Clinton campaign advisers: Bill Clinton 'needs to stop'
Posted: 02:05 PM ET


 
Some Clinton backers aren't happy with the former president's aggressive campaigning.
CNN) – Democratic sources supportive of and regularly in touch with the Clinton campaign describe what one calls "a huge wave" of sentiment that Bill Clinton "needs to stop."

The sources — who requested anonymity because of the sensitivity of the subject — act as either unpaid advisers or surrogates for Hillary Clinton's presidential campaign. Interviewed separately, they agreed that the former president's recent headline-generating statements "hurt more than helped" his wife's South Carolina campaign.

His comments criticized as racially insensitive, the verbal sparring with Barack Obama, and his "scolding" of the media are "distractions," say these Clinton supporters. Hillary Clinton, says one, "needs to take and be the lead."

The former president has long been renowned for his adept political skills. But he is "missing a beat" and has "become tone deaf" about the dynamic he has brought to his wife's campaign, according to one source who has known both Clintons for decades.

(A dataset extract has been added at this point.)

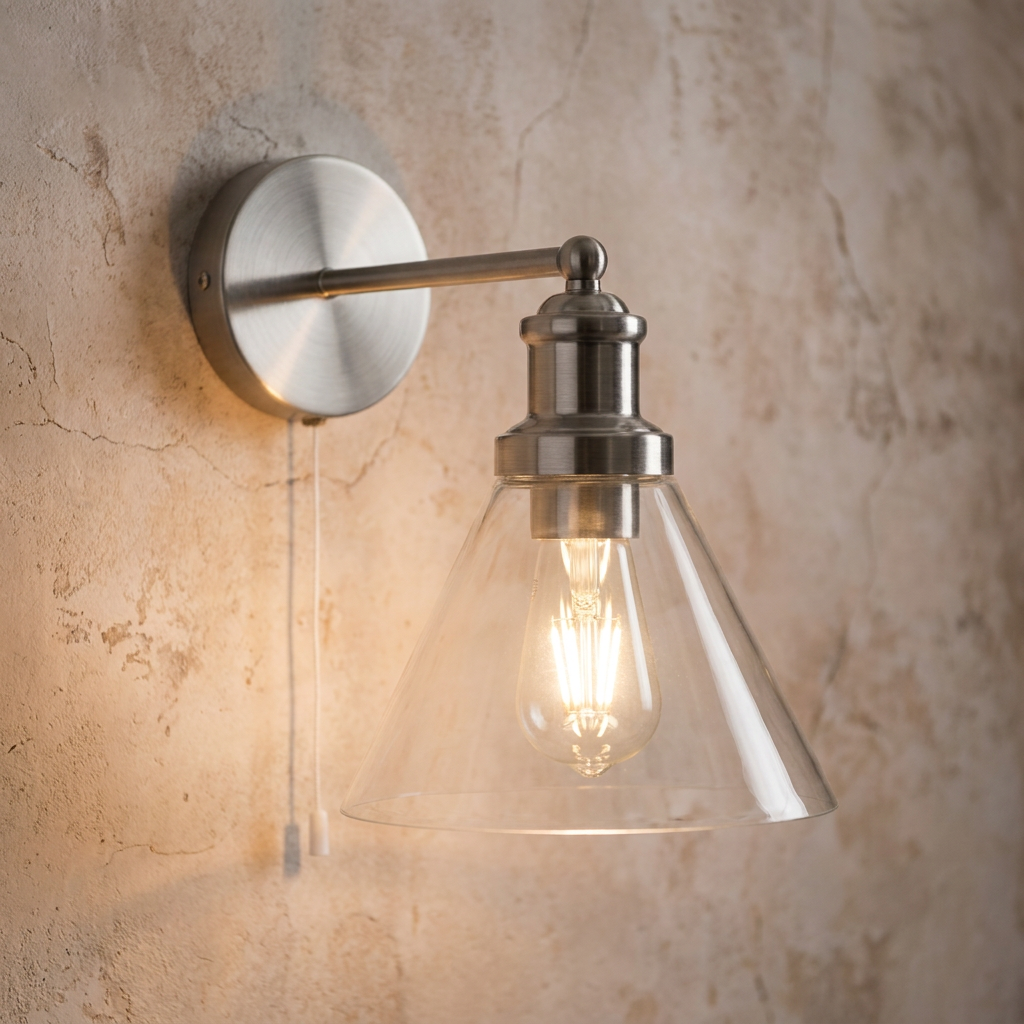 Brushed silver wall light with a clear pyramid glass shade and pull cord on a textured wall.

"Something has happened," says the source. "He just wants to help her too much, or maybe protect his own legacy too much."


Another source, who worked in the Clinton administration, called it "unbelievable" that the former president linked Barack Obama's South Carolina victory to Rev. Jesse Jackson's wins in 1984 and 1988 in the state.

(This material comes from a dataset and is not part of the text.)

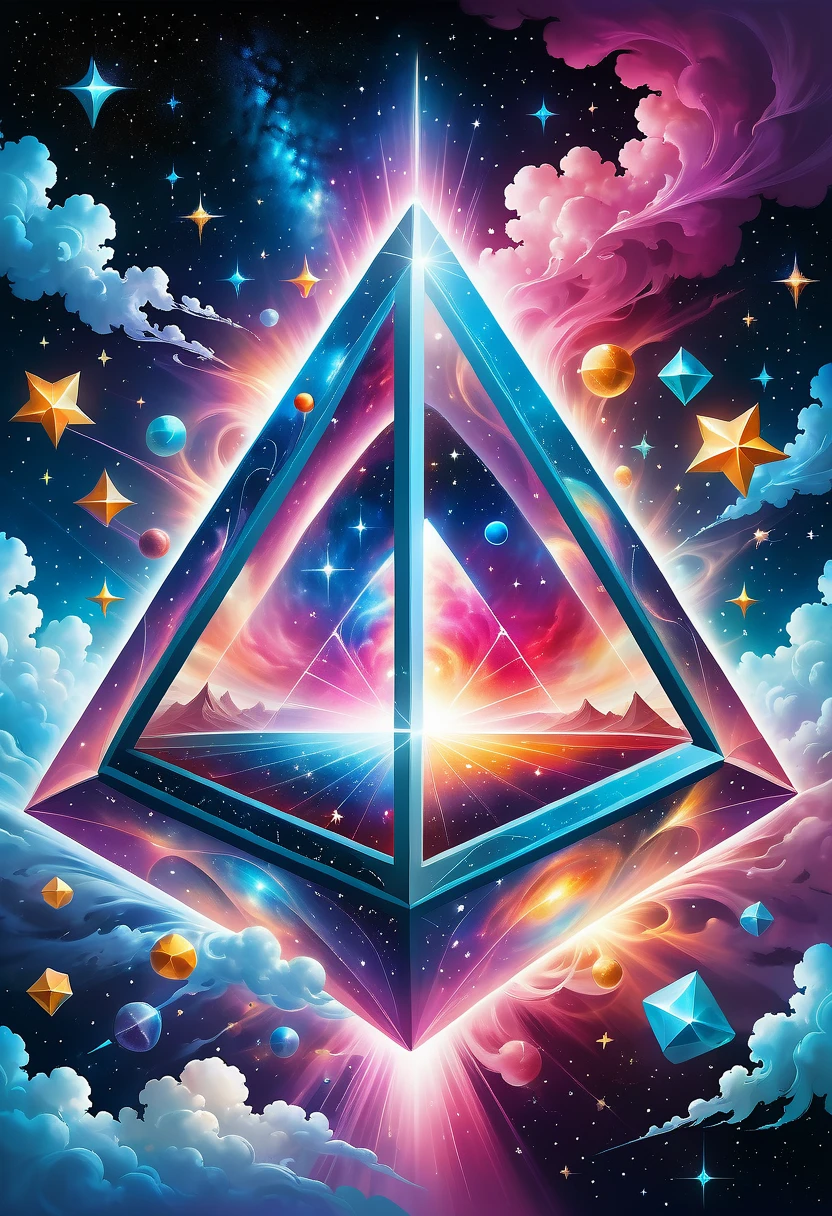 Bosch style, Translucent cube captures eerie clouds, the Starscape warps, Time warp, Surrealism prevails, Star, luminescent, Glittering，Giant triangle cybernetics，Magnificent cosmic starry sky background，Intricate illustration in surreal art style，surreal dream，Dubrec style，Transparent geometric shape close-up，（multiple exposure：1.8），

Though Clinton campaign had invested considerable time and money in South Carolina, the former president's remark was interpreted by some as an attempt to dismiss Obama's win as an expected outcome in a state where more than half of Democratic primary voters were African-American.

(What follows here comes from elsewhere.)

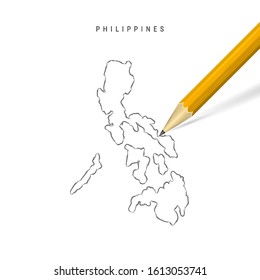 Philippines sketch outline map isolated on white background. Empty hand drawn vector map of Philippines. Realistic 3D pencil with soft shadow.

The introduction of race as an issue in the 2008 Democratic contest has caused angst and anger in the Democratic Party over the past few weeks — including what one source described as an "angry" phone conversation between the former president and Sen. Ted Kennedy just after the New Hampshire primary.

In the phone call, Kennedy expressed his alarm that race had been injected into the campaign to the detriment of the party.

Kennedy and his son, Rep. Patrick Kennedy, today endorsed Obama's campaign at a Washington, D.C. campaign event. They were joined by Caroline Kennedy, daughter of the late John F. Kennedy, who endorsed Obama Sunday in a New York Times editorial.

There was no suggestion from the sources critical of Mr. Clinton's recent campaign appearances that he should be sidelined, only that he "depart from the headlines and center stage."

Former President Clinton, with an approval rating of over 80 percent among Democrats, is seen overall as a potential asset, said these sources. But he needs to be his "summer self," said a long-time Clinton supporter — when he made fewer headlines, and focused on his wife's resume and policy proposals.

There was also unanimous agreement on the part of the critics that the only person with the sway to change Bill Clinton's high-profile role is the candidate herself, Hillary Clinton.

The Clinton campaign was not immediately available for comment.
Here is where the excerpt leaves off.